Temos de ajudar as vítimas a robustecer as provas da violência que sofreram. Temos de afrontar a Justiça machista, exigindo a presença de mulheres no julgamento. Tem de ser um trabalho nosso enfrentar a misoginia cuspida e escarrada de gente como Cláudio Gastão da Rosa Filho, o advogado de defesa de André de Camargo Aranha, que humilhou e ofendeu Mariana Ferrer enquanto exibia fotos dela que nada tinham a ver com o processo! Que nenhuma mulher mais tenha de enfrentar um julgamento de estupro apenas diante de homens, na solidão absoluta, como acontecia com as antigas feiticeiras.
Temos de incentivar a solidariedade entre nós, mulheres, para que acolhamos as vítimas, em vez de fingir que se trata de um problema só delas. Não há mulher ou menina que não tenha sido atacada ao menos uma vez em sua vida pela violência sexual.

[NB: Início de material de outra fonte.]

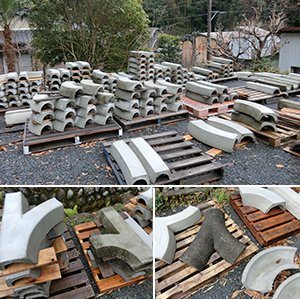 縁の下の力持ち!熟練工いらずでマンホール内の流路施工が実現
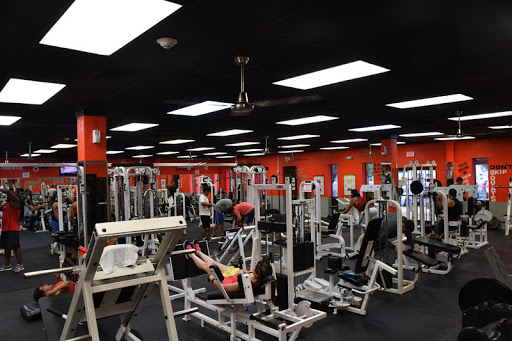 Muscle & Fitness Center Profile Picture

E nós sabemos disso em nossos próprios corpos!
É o pai, é o tio, é o avô, é o tarado que mostra o pinto para a adolescente, é o abusador que se acha no direito de ejacular na mulher dentro do trem lotado…

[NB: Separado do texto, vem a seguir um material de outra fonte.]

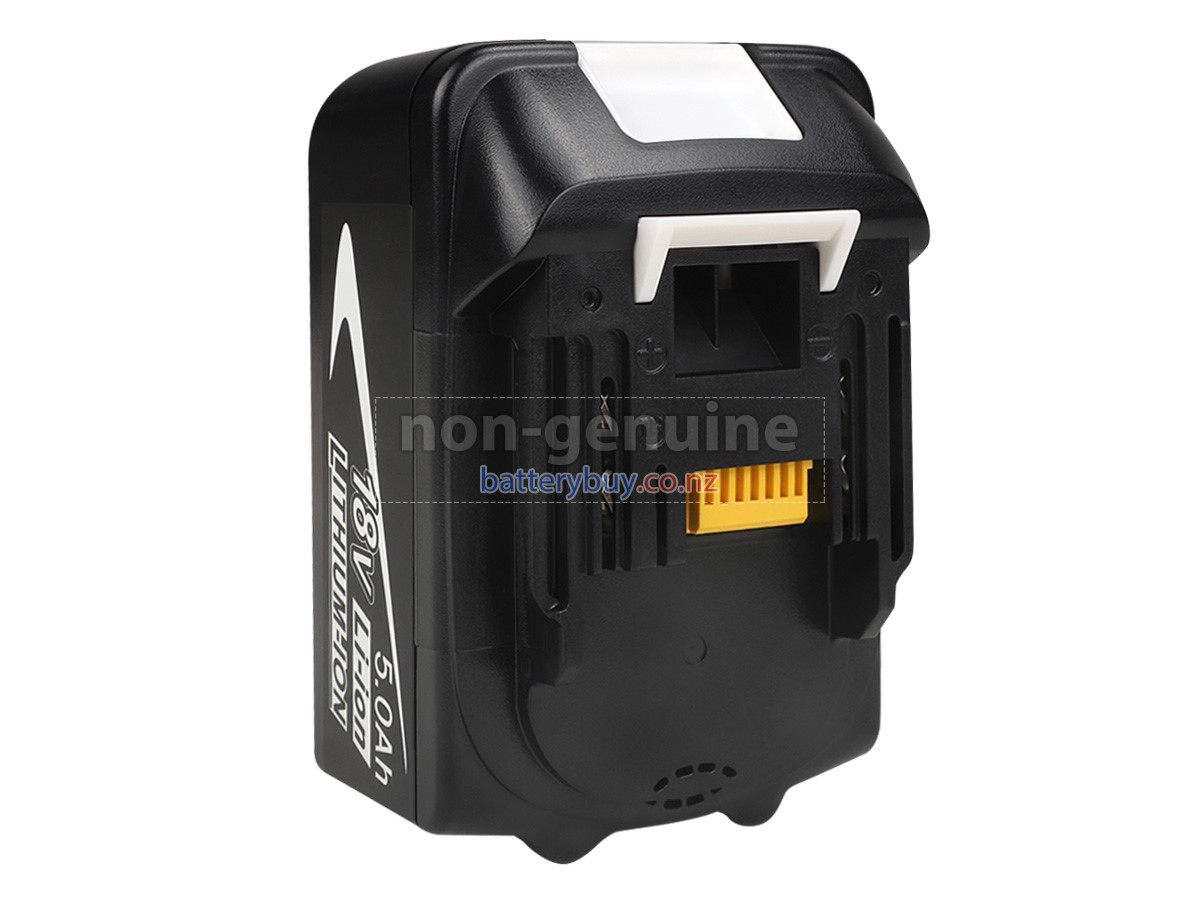 replacement Makita BCL182 battery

Temos de organizar o “Socorro Feminista”, para apoiar as mulheres que decidem denunciar a violência sexual.
Os tribunais brasileiros são câmaras de tortura contra mulheres, negros, indígenas e pobres em geral. As cenas de humilhação de Mariana Ferrer não são, infelizmente, exceções. São a regra.
É preciso atuar sobre esse front.
Então, precisamos entender que não se trata de um problema privado de Mariana Ferrer o desenlace de sua denúncia. É de todas nós!
Lembro da França, em 1971, quando uma mulher foi presa e julgada pelo crime de aborto, na época punível com a pena de morte pela guilhotina!
Em vez de “solidariedades”, textões de repúdio, e essas lacrações inúteis, 343 mulheres, entre elas as atrizes Catherine Deneuve e Jeanne Moreau, assinaram o manifesto escrito por Simone de Beauvoir, e assumindo que haviam feito, elas também, um aborto. A força desse texto e a coragem das signatárias empolgaram intelectuais como Françoise Sagan e Annie Leclerc, jornalistas conhecidas, de muitas feministas, a começar por Antoinette Fouque, da advogada Gisèle Halimi ou ainda da deputada socialista Yvette Roudy. Todas declararam ter realizado um aborto, como forma de quebrar o tabu de uma injustiça social.
A Justiça no Brasil é machista, é racista e é classista. Só incidindo juntas sobre ela será possível mudar esse regramento que sempre condena a vítima e libera o agressor.
Mariana Ferrer deve recorrer da sentença em primeira instância. Agora, é organizar a luta para mudar o rumo da História. Quem se dispõe?